We will go there and visit Los Islotes, one of the places almost certainly selected by the Federation as a field of competition.
We enter into the water and the first word that comes to my mind to define my state of mind is: ecstasy! Dozens of sea lions slipping from the rocks, they come there to meet and revolve around us, swimming next to divers and snorkelers!
It looks like you have entered into the world of Disney cartoons. Puppies, coming here and getting together with curious attitude and innocent challenge, grab anything that arouse their interest: fins, camera cables, cylinder straps.
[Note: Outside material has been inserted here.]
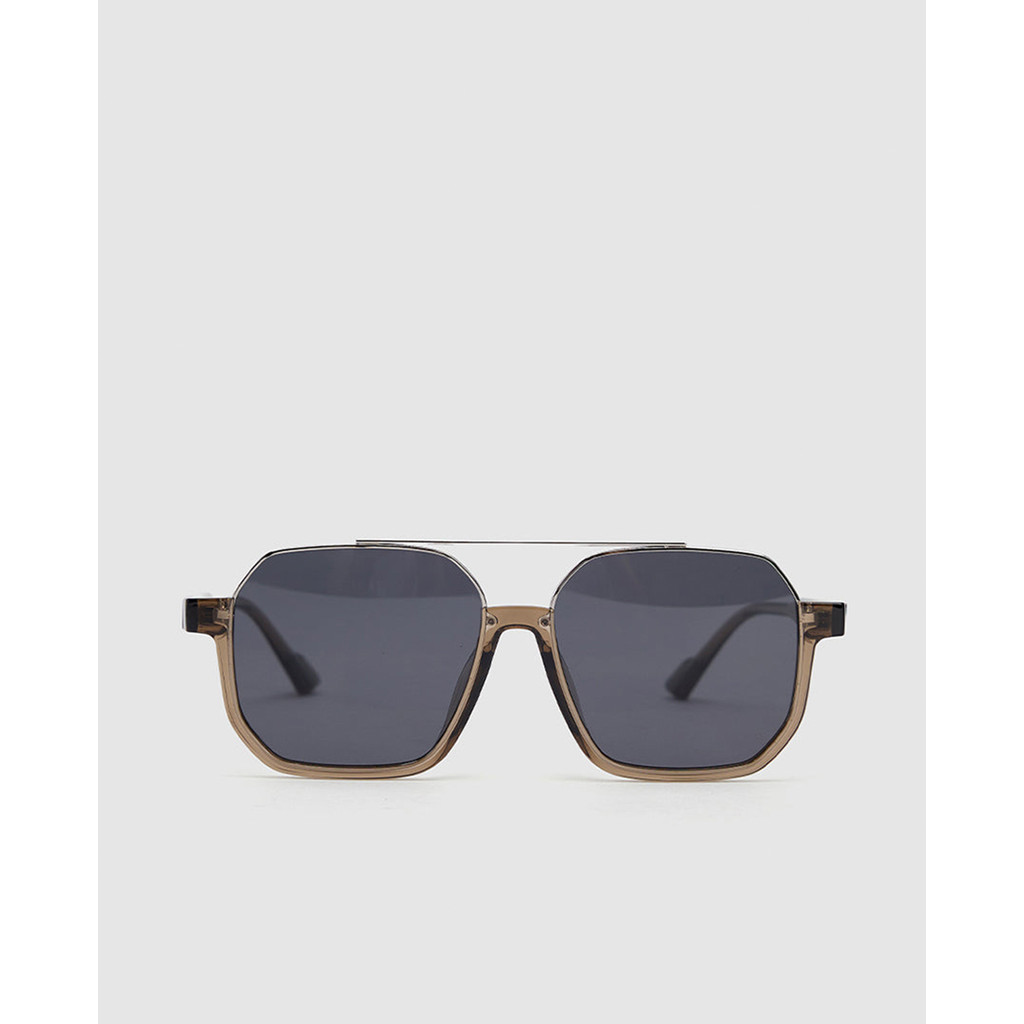 URBAN REVIVO - Kính mát unisex gọng đa giác thời trang_UAMA40120-SG1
From the moment our boat has approached the rocks where, undisturbed, the sea lions lay, I remain struck by their noisy verses and, in particular, by the deep breath they emit in pulling the head out of the water and then diving again. An intense and powerful breath similar to that of a swimmer in an echoing swimming pool.
While awkward in moving on land, sea lions show an amazing swimming style in water, a very fast and elegant one that recalls the style of fin swimming discipline, a sport that I particularly love.
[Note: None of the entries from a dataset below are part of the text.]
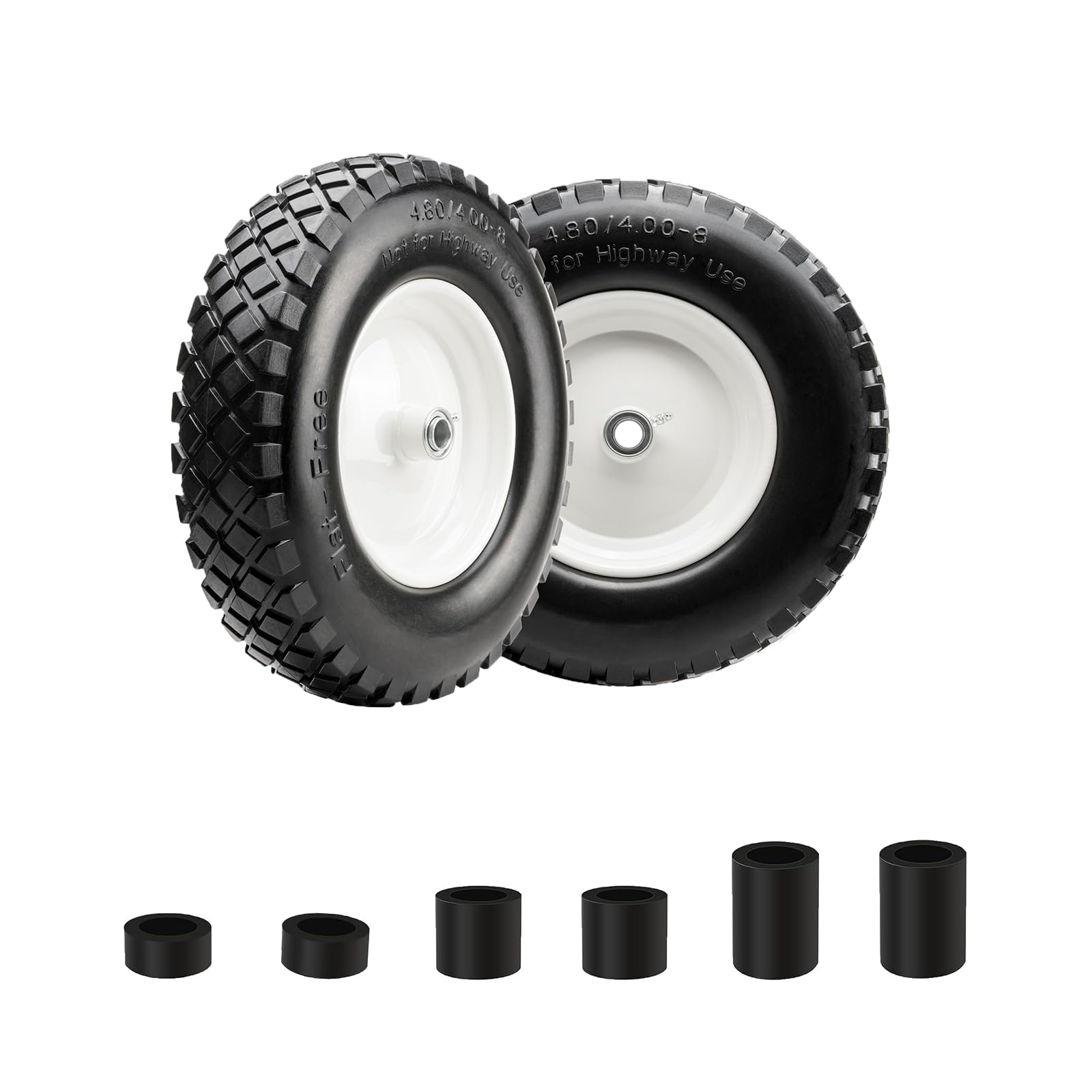 HIKYROKY front view assembled wheel showing ready-to-install benefit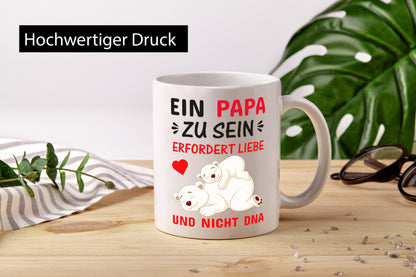 Papa sein | Stiefvater Tasse Liebe nicht DNA Kinder Geschenkidee Familie Humor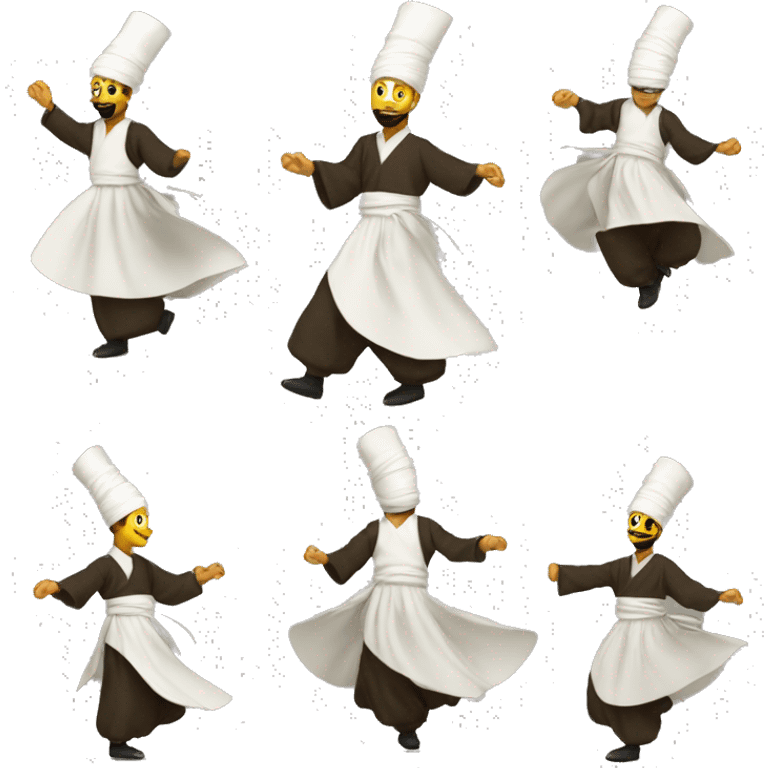 A whirling dervish emoji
On the wave of these suggestions I went on to read … fin swimming was born in the mid-fifties of the last century, not only as a result of the fact that in the second world war fins were used for operations of sabotage of enemy ships in Italian ports …
Then I HAD A DREAM in which I asked myself: was this discipline maybe born out of the human desire to emulate these beautiful mammals in their fluid, effective and elegant movements – which do not belong only to dolphins – and with their particular fins remind of the “bifin” and the “monofin” used in the fin swimming?
While observing these splendid specimens of sea lions, I spontaneously think of those people who have difficulty in moving smoothly and relaxed on the mainland; who knows if they can move in water in a more fluid and easier way, as indeed I noticed several times in my experience as an underwater instructor.
Why not steal, then, some secrets from these very particular mammals?